The slate also has movies with Spanish stars, such as the Will Smith-produced Paz Vega relationship drama “The Human Contract,” and the Richard Eyre-helmed “The Other Man,” which teams Antonio Banderas with Liam Neeson.
Wide doesn’t have output deals. But it plays off relations that De Val consolidated at Manga. A bevy of titles are sourced from 2929, including the Guillermo Arriaga-directed “The Burning Plain” and Cannes competish player “Two Lovers,” and Cannes closer “What Just Happened,” with Robert De Niro, Bruce Willis and Sean Penn.
From Paramount Vantage, Wide has picked up “Last Chance Harvey” with Dustin Hoffman, and the Don Cheadle-Guy Pearce terrorist thriller “Traitor.”
First film to bow in Spain looks like “3:10” in July. Wide will ink with another distribution company for bookings and collections in theatrical, at least in a first phase, and subdistribution in DVD. It will handle TV sales directly.

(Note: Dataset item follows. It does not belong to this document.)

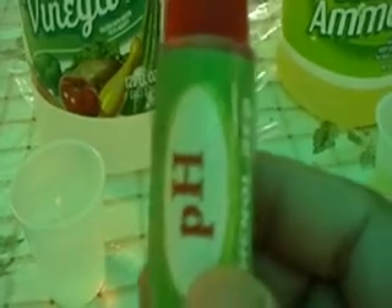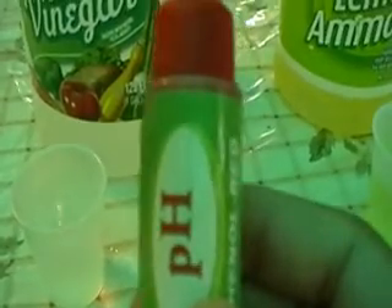The one last thing that you need — and you can find this at any pool supply store — would be a bottle of phenol red. It's about $5 at any pool supply store. Phenol red is basically a pH indicator which changes colors at a certain pH.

Spain has been whammied by rampant online piracy. As an upside, prices have dropped for Spain, and a weak dollar has increased Spanish buyers’ acquisition muscle. And Spanish audiences lap up big stars.
“I’m clear that the safest bet in the current climate is bigger films, with stars, which can compete with studio product,” said Wide prexy De Val, who ankled the Vertice-owned Manga in late January.
De Val has initiated talks with both Spanish and foreign investors.
With Spain’s other big mainstream distributors — Aurum, DeAPlaneta, On, TriPictures and Manga — now parts of international or domestic media groups, Wide’s launch will fuel immediate speculation about it being bought up to form part of a pan-European distribution network.